What you return must be the full data, repeated verbatim, with no pictures in it.

◆ **Given records**:
_ _ _ _ _ _ _

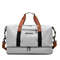 Portable Fitness Duffle Bag CarryOn Luggage For Gym Travel Work Trolley Strap Shoe Compartment 7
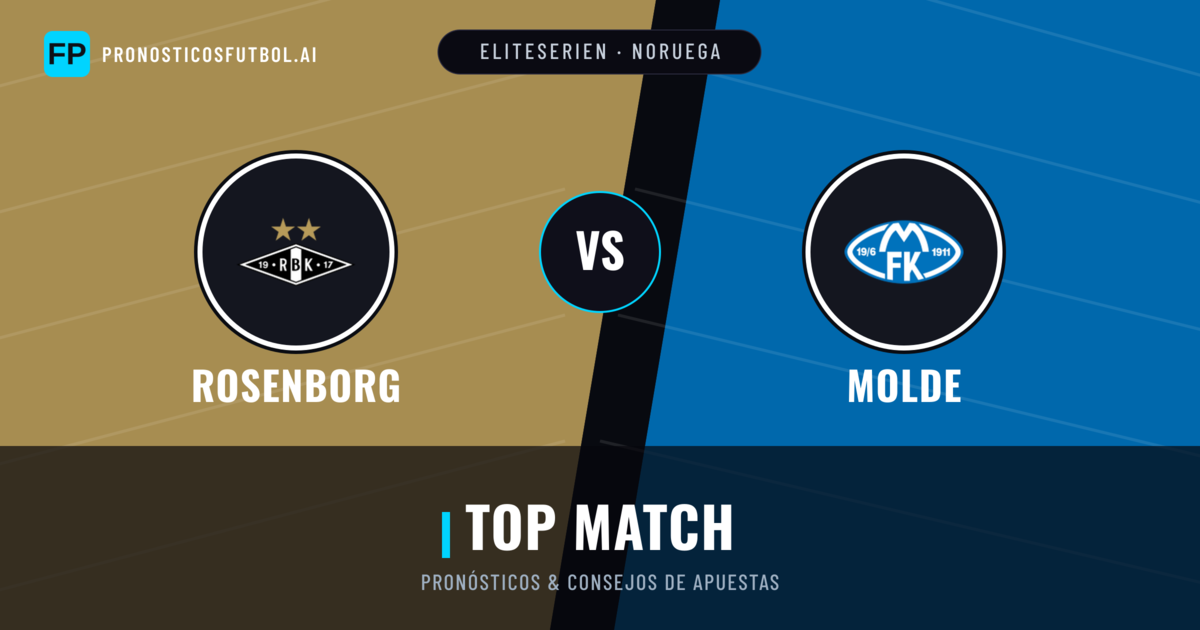Rosenborg vs Molde Pronósticos y estadísticas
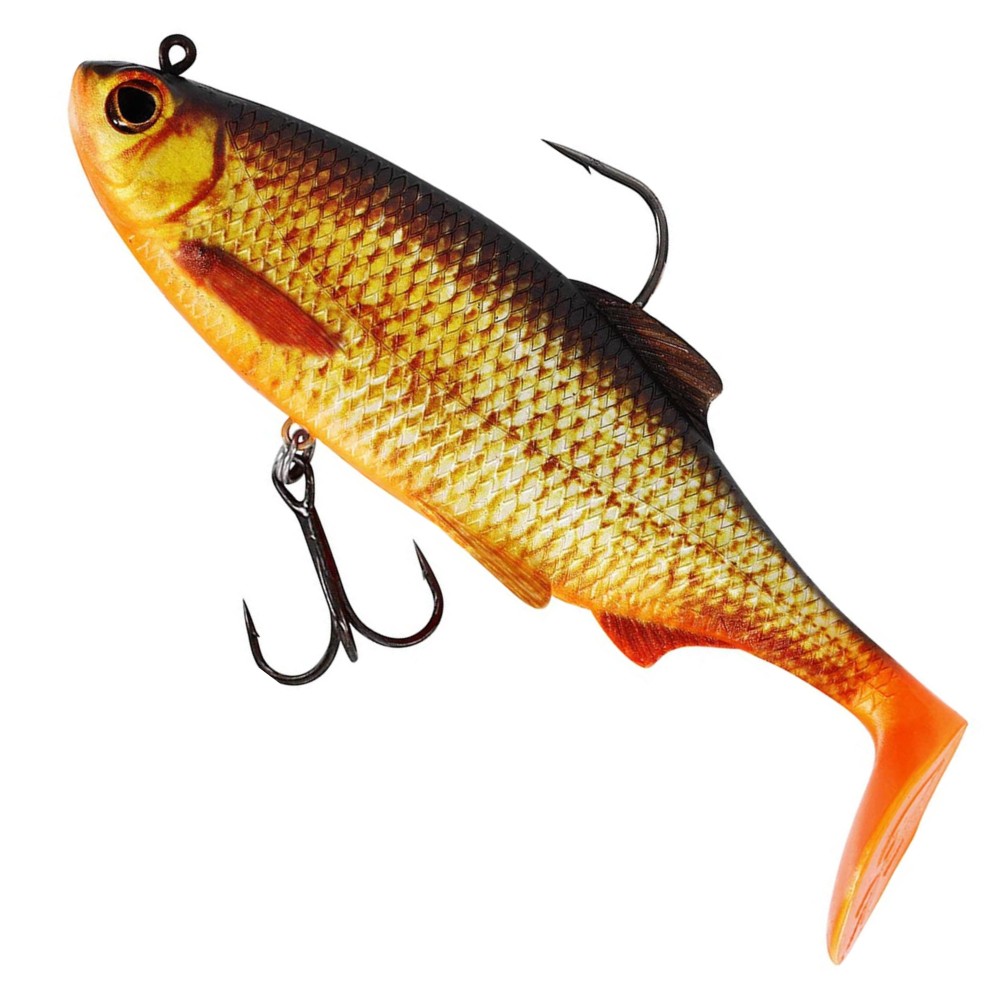 Westin Ricky The Roach Shadtail R2F - vormontierter Gummifisch Real Rudd - 14cm - 57g - 1 Stück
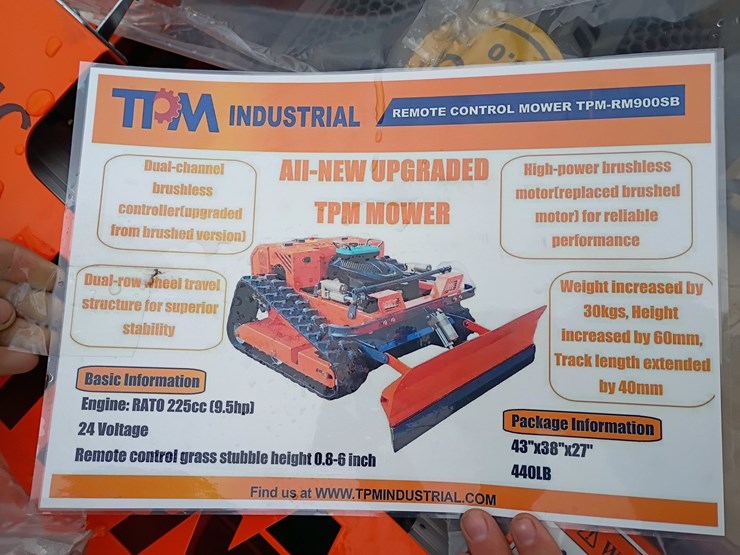 #l19-016-•-2026-tpm-remote-control-lawn-mower-w/-blade-image-9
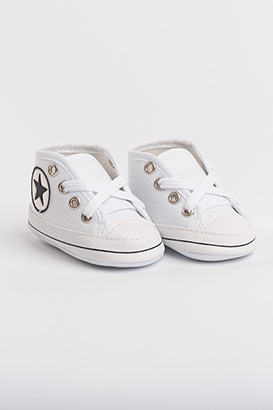 T�nis Beb� Cano Alto Star Branco (P/M/G/GG) - Baby Soffete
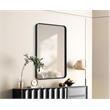 Elegant Decor Contour Metal Rectangle Mirror 27X40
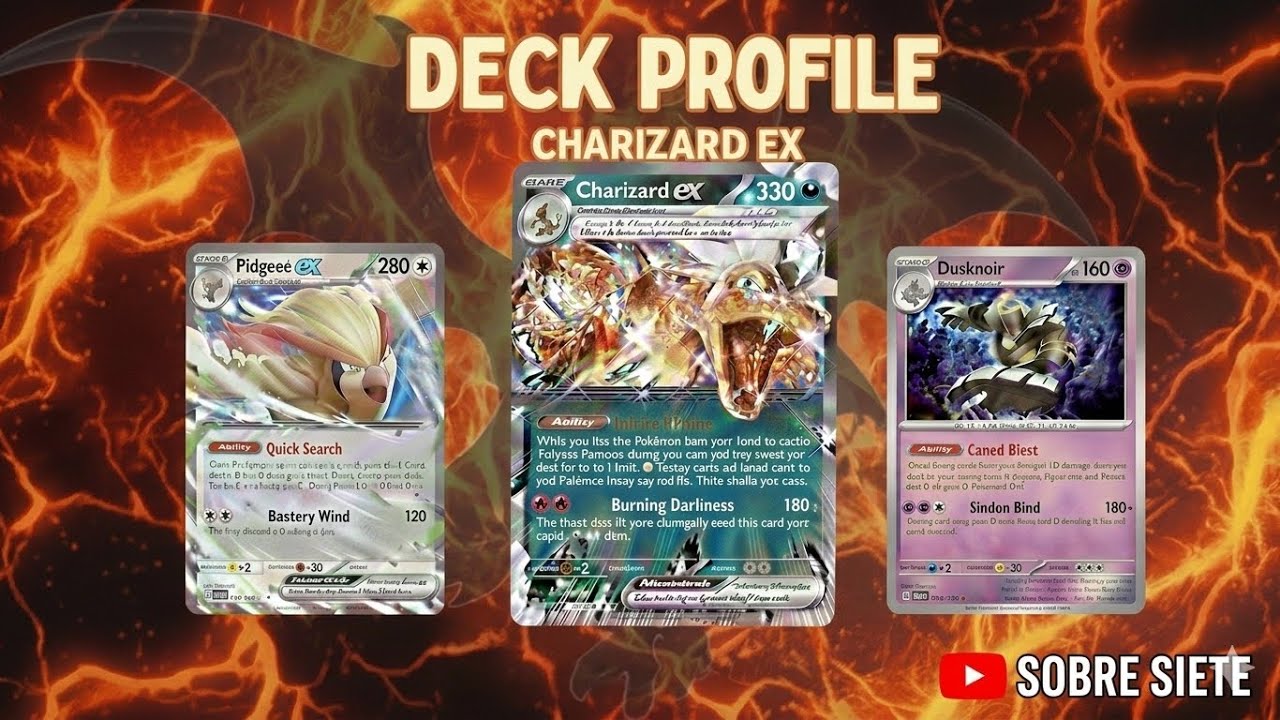 DECK PROFILE DE CHARIZARD EX CON PIDGEOTT EX #pokemon #charizard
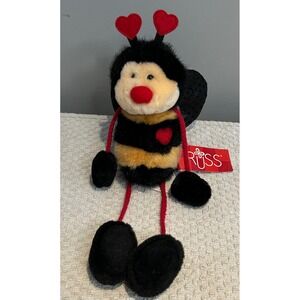 vintage Russ Berrie Bangles Bumble Bee Plush Heart Antennae Valentine 4053 NWT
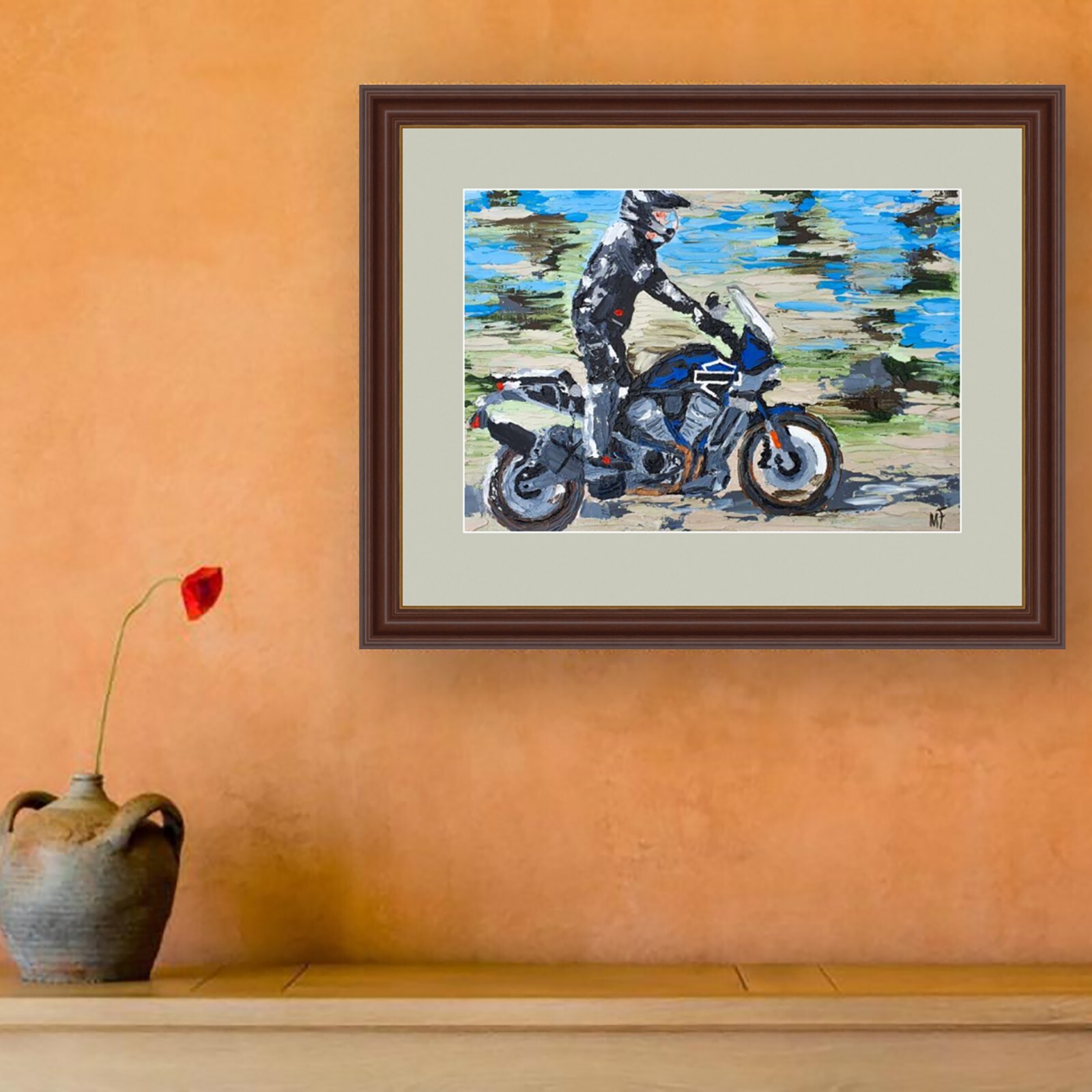 Stickers Harley Davidson Pan America Motorcycle Original Artwork Motorbike Biker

_ _ _ _ _ _ _

◆ **Output for this exercise**:
 Portable Fitness Duffle Bag CarryOn Luggage For Gym Travel Work Trolley Strap Shoe Compartment 7
Rosenborg vs Molde Pronósticos y estadísticas
 Westin Ricky The Roach Shadtail R2F - vormontierter Gummifisch Real Rudd - 14cm - 57g - 1 Stück
 #l19-016-•-2026-tpm-remote-control-lawn-mower-w/-blade-image-9
 T�nis Beb� Cano Alto Star Branco (P/M/G/GG) - Baby Soffete
 Elegant Decor Contour Metal Rectangle Mirror 27X40
 DECK PROFILE DE CHARIZARD EX CON PIDGEOTT EX #pokemon #charizard
 vintage Russ Berrie Bangles Bumble Bee Plush Heart Antennae Valentine 4053 NWT
 Stickers Harley Davidson Pan America Motorcycle Original Artwork Motorbike Biker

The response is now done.